Before starting any business, it is important for an entrepreneur to analyze both aspects of that business i.e. its advantages and disadvantages. A businessman who doesn’t inspect the pros and cons of the business which he is going to opt for is not considered professional at all, because he does not even take care of such basic things.
Now moving on to our main topic, if you are going to start a Joint-Stock Company, then you must have complete knowledge of its side effects. So below given are the advantages and disadvantages of Join-Stock Company, give them a detailed review and then decide if it suits you well or not.
The Good Side
It is the luckiest one when it comes to resource availability. Because it has no limitation regarding the shareholders, so you can add new shareholders anytime you want. Hence if your company is facing any financial downfall, this advantage can be your greatest help because of the huge availability of resources.
As this business is based on a limited liability company, therefore you get many other benefits due to this fact. For example, the partners are not personally responsible for the debts and dues of the company.

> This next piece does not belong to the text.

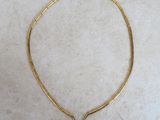 a close up of a gold necklace on a marble surface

The company holds absolutely no restrictions regarding the transfer or selling of shares which means you can sell your shares at any time and to anyone you want.
Long Term Stability
The life of a joint-stock company is not even a little bit affected by that of shareholders, which means it is totally dependent. So in case a shareholder dies or becomes bankrupt, there is not gonna be any change in the existence of the company. Hence it is a completely stable company.
The joint-stock businesses are highly scalable. They can expand and grow to a great extent. The more investors and funding it will receive, the large it will spread.
It carries a great social advantage. As we already mentioned that the higher funding it will receive, the wider it will expand and when this happens, it needs extra employees to work for it, thus offering employments to hundreds of deserving’s.
As such companies include lots of shareholders, therefore the total rate of risk is equally divided to each shareholder, and hence the maximum risk rate towards every shareholder decreases.
The Bad Side
The formation and development of such companies are quite difficult and time-consuming. The reason is, such companies require a lot of paperwork. Along with this, companies also need a vast amount of investors to invest. Therefore, the company is formed after a really long era of hardworking.
Decision-Making can be Hard
As the organization consists of hundreds of shareholders which means that there is not a sole decision-maker, instead a vast number of administrators are waiting in line and all the decisions are made by the board of directors. This makes the whole process of decision making quite a time consuming and delaying.
Not Environmentally Friendly
Such companies are not environmentally friendly at all as they include a large scope of operations involving factories and industries which are the major causes of ingestion, insanitation, and pollution, thus they make the environment dangerous for living beings.
Absence of Privacy and Secrecy
Such companies are a major thumbs down when it comes to protect the privacy or to maintain the secrets because again, you are not a sole proprietor of the company, therefore every matter is discussed under the observation of the board of directors. Hence, you cannot keep any business secrets to yourself as everything will open up during the meetings.